Jetzt, „so die letzten ein, zwei Jahre“, merke sie das Alter. Es gehe nicht mehr so einfach. Trotzdem läuft die 95-Jährige noch in der 5er-Gruppe. Eine Stunde. Fünf Kilometer. Wenn sie zurückfällt, warten die anderen gern. „Aber eigentlich will ich nicht, dass sie auf mich Rücksicht nehmen“, sagt die Wahl-Hanauerin.

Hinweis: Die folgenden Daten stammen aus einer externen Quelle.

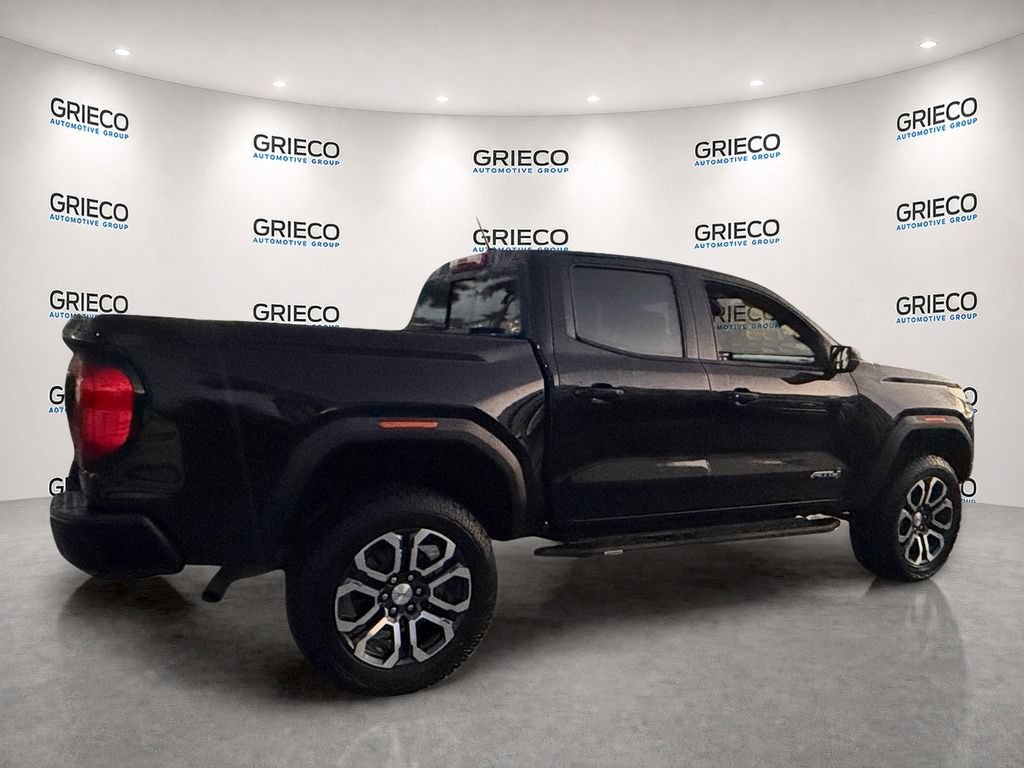 Used 2023 GMC Canyon AT4 w/ AT4 Premium Package AWD/4WD image 7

1960, ein Jahr vor dem Mauerbau, flüchtet die gebürtige Ostberlinerin zusammen mit ihrem damals 15-jährigen Sohn und einer befreundeten Familie. Ihr Verlobter war in Russland gefallen, sie bleibt Zeit ihres Lebens ohne Ehemann. Es verschlägt sie nach Hanau. Die allein erziehende Mutter arbeitet im Altersheim, erst als Köchin, später als Hauswirtschafterin.

95-jährige Läuferin aus Hanau: Früher hat sie Kindern Deutsch beigebracht
Noch heute hat Inge Seidel Kontakt zu alten Arbeitskollegen – und deren Kindern. Denn schon damals brachte sie ihnen gern Deutsch bei, tat das auch nach dem Ruhestand weiter. „Mit Kindern zu arbeiten, das war meins, das hat mir gut getan“, sagt sie, und es schwingt ein bisschen Stolz in ihrer Stimme mit, denn vielen Kindern von Gastarbeitern aus Jugoslawien oder der Türkei brachte sie die deutsche Sprache bei. Hilfsbereit. Herzlich. „Ich hatte nie Langeweile und konnte immer jemandem behilflich sein“, fasst die lebensbejahende Frau ihr Engagement zusammen.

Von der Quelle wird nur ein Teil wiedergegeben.